Action item: With the pictures left out, please return exactly the line holding "Ivory gold embroidered co-ord set 2" and each following line until the entries end.

*** Exercise inputs Section Begins ***

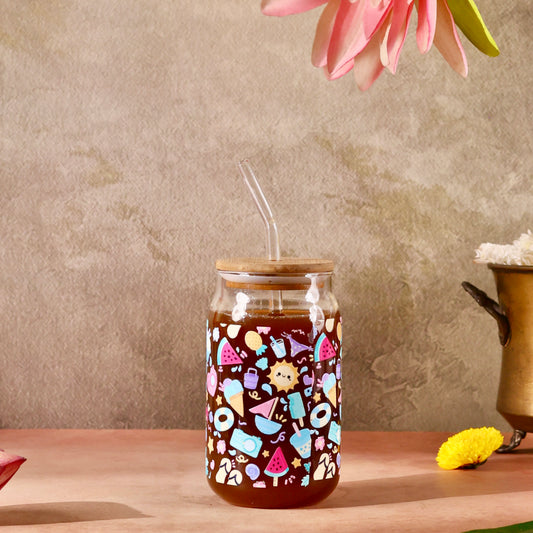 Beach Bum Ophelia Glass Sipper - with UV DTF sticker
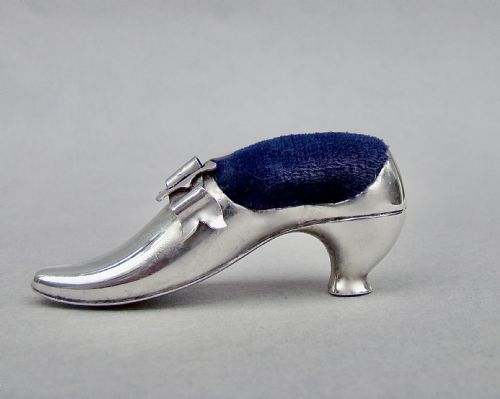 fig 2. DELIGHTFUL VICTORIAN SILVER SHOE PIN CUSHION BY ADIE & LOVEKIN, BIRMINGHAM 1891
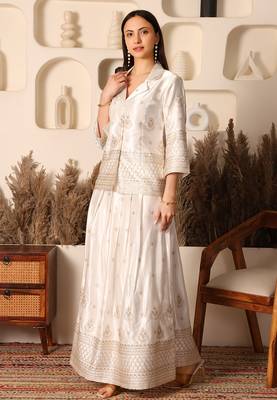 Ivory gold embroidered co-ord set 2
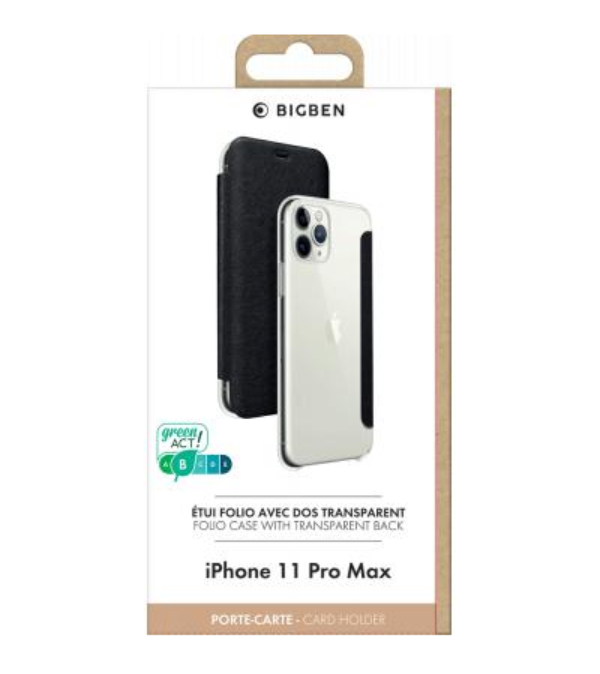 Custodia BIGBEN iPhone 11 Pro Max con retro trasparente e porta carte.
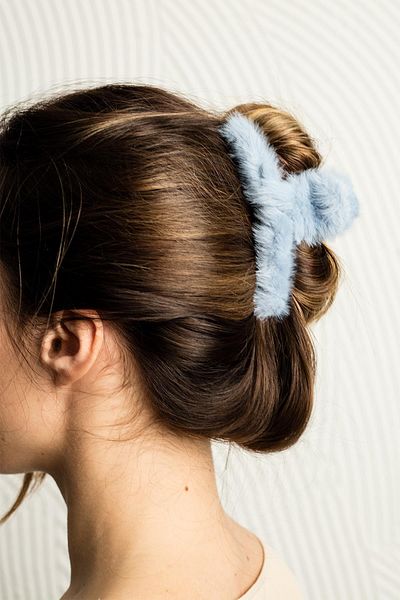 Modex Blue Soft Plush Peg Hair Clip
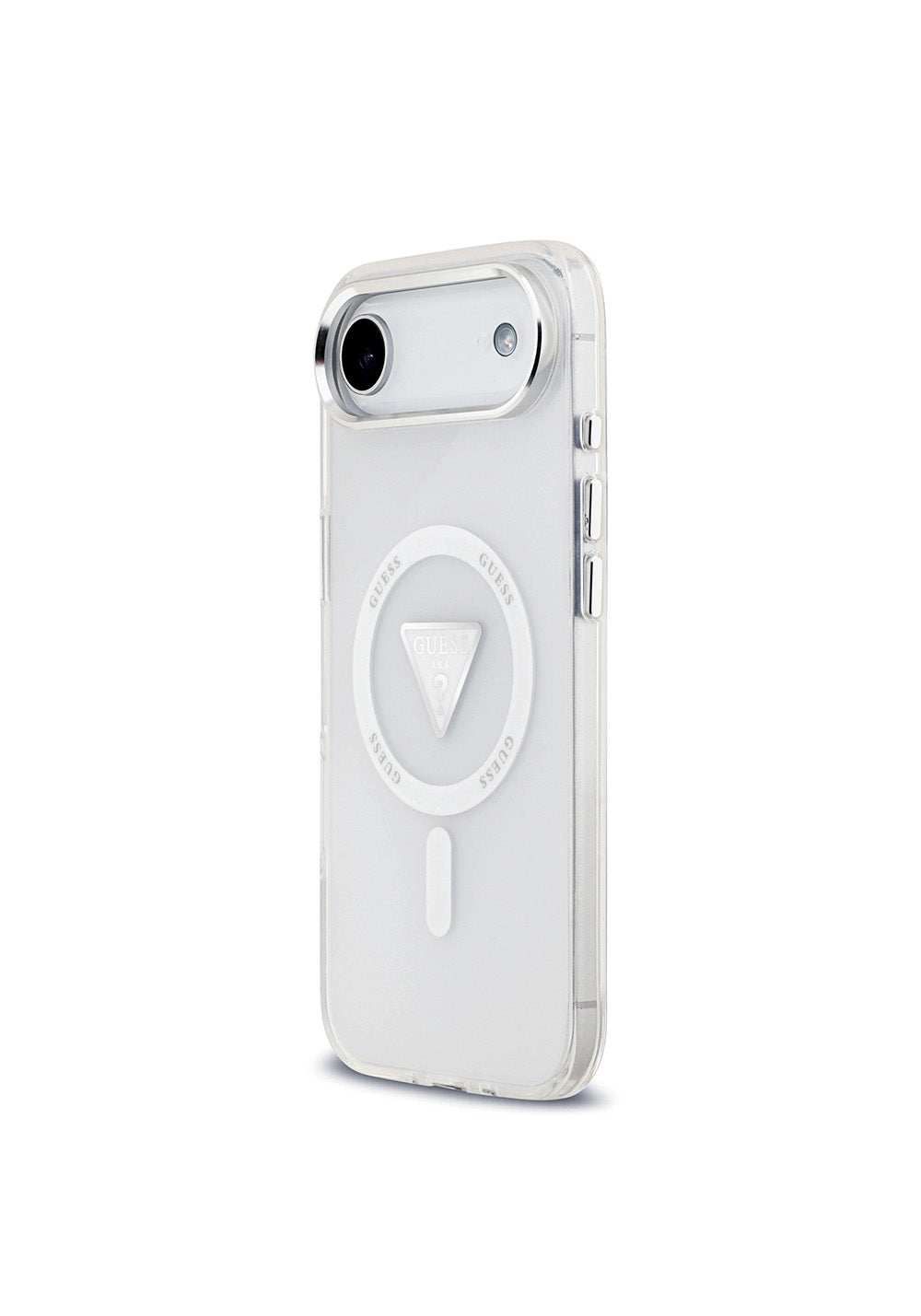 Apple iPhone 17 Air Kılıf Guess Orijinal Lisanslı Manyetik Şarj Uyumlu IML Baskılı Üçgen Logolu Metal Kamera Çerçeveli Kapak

*** Exercise inputs Section Ends ***

Exercise solution:
 Ivory gold embroidered co-ord set 2
 Custodia BIGBEN iPhone 11 Pro Max con retro trasparente e porta carte.
 Modex Blue Soft Plush Peg Hair Clip
 Apple iPhone 17 Air Kılıf Guess Orijinal Lisanslı Manyetik Şarj Uyumlu IML Baskılı Üçgen Logolu Metal Kamera Çerçeveli Kapak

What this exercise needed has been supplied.